DATA Start Marker

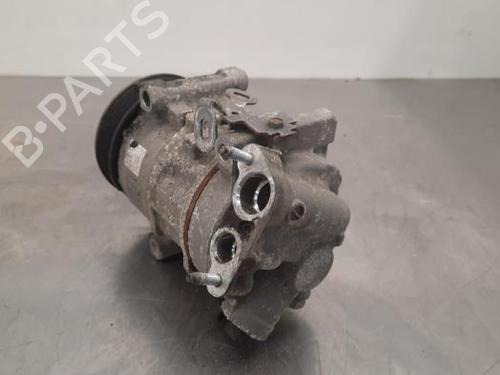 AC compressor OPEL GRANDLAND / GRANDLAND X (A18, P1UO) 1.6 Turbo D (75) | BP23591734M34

DATA End Marker
DATA Start Marker

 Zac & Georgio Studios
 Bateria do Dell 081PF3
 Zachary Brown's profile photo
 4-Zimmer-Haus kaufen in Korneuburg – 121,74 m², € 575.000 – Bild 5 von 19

DATA End Marker
DATA Start Marker

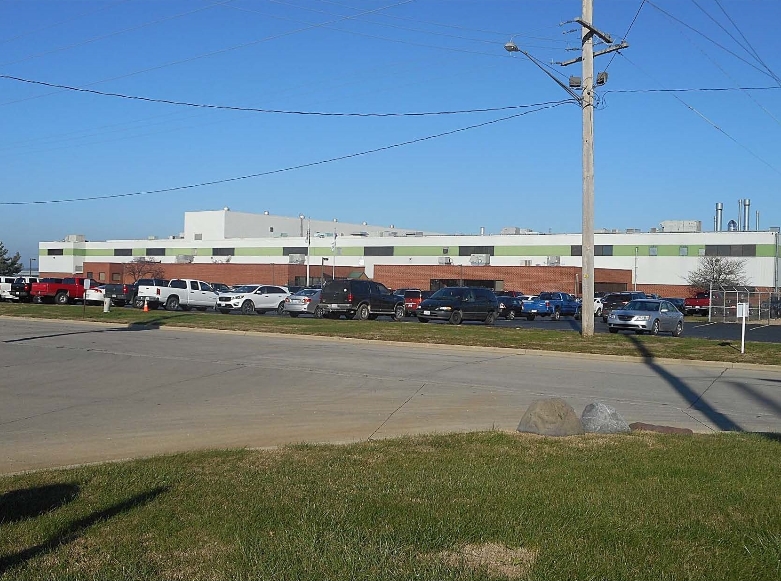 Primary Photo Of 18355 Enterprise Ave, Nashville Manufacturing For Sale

DATA End Marker

**ACTION ITEM**
Referring to the material above, set down exactly the lines between the line with "Bateria do Dell 081PF3" and the line with "4-Zimmer-Haus kaufen in", inclusive, and no other lines.

**PROBLEM SOLUTION**
 Bateria do Dell 081PF3
 Zachary Brown's profile photo
 4-Zimmer-Haus kaufen in Korneuburg – 121,74 m², € 575.000 – Bild 5 von 19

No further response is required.